===== Records for the exercise
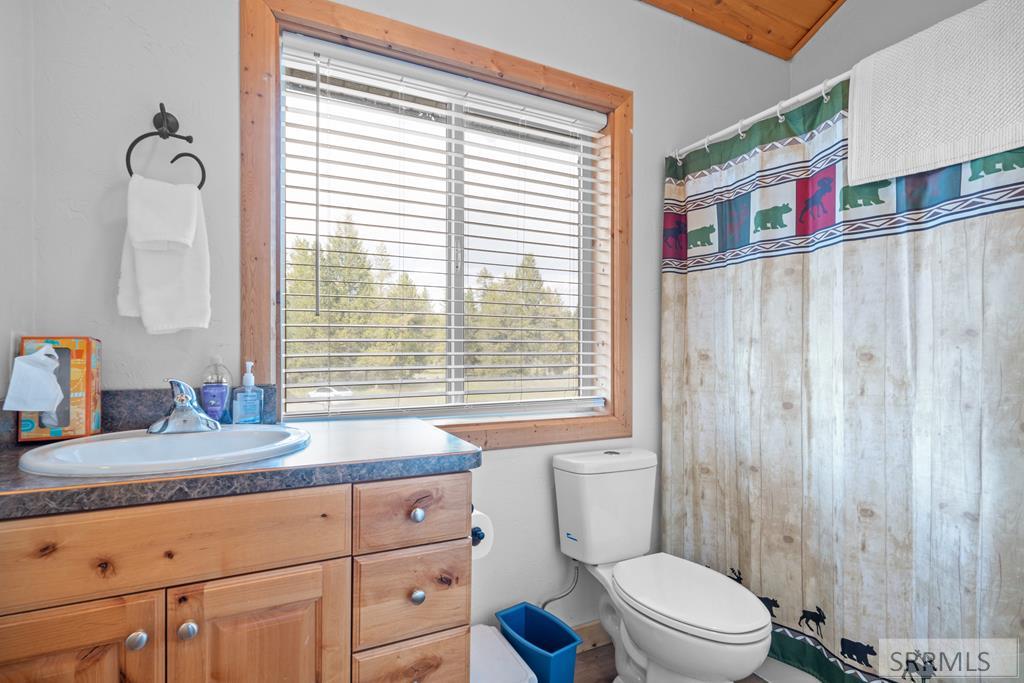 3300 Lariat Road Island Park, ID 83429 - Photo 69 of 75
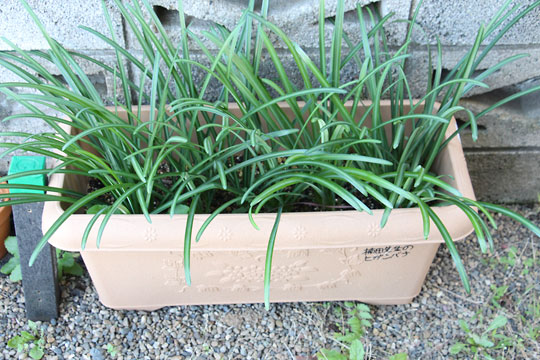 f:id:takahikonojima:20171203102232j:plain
==========
===== Records for the exercise
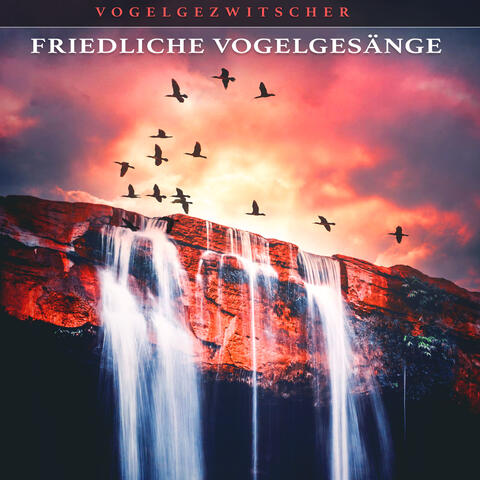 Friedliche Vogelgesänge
==========
===== Records for the exercise
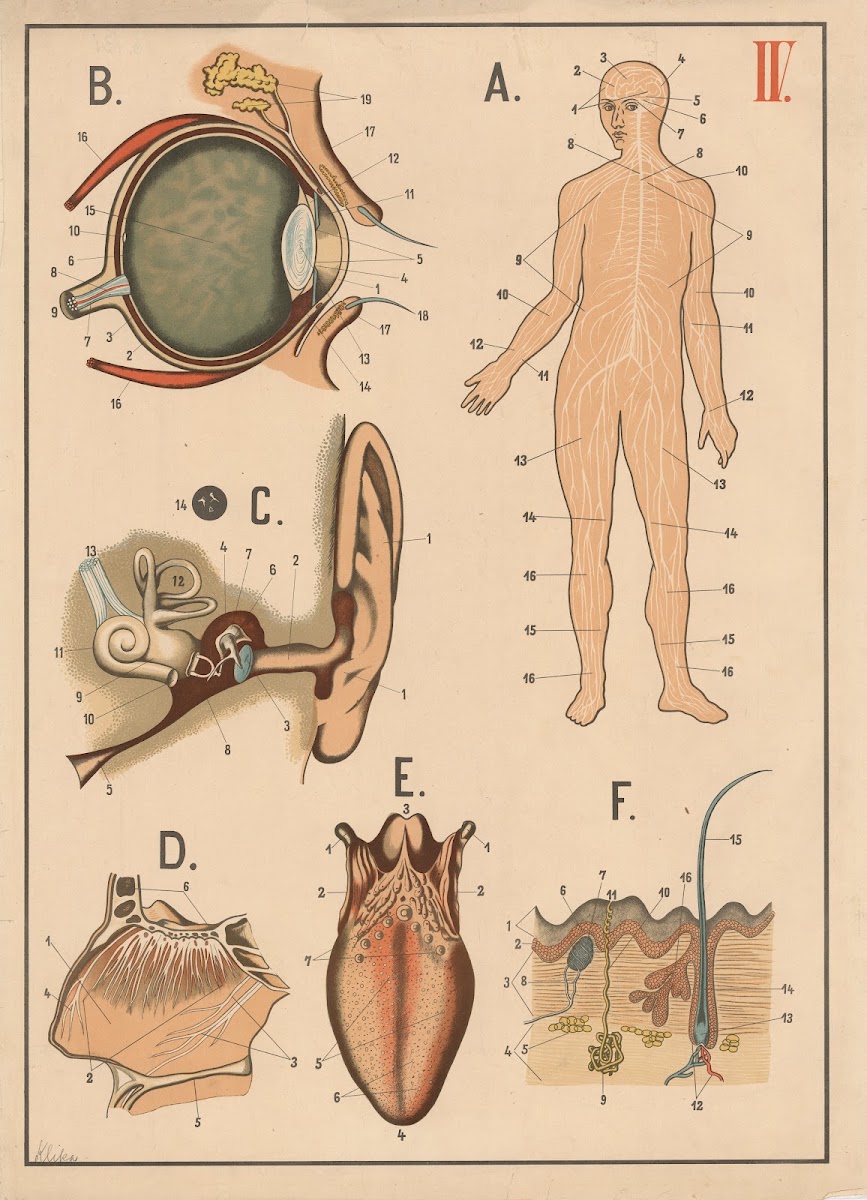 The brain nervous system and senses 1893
==========
(Exercise requirements):
For this task, return exactly the stretch of the listing above from the line with "3300 Lariat Road" through the line with "f:id:takahikonojima:20171203102232j:plain", inclusive and without pictures.

(Your solution):
 3300 Lariat Road Island Park, ID 83429 - Photo 69 of 75
 f:id:takahikonojima:20171203102232j:plain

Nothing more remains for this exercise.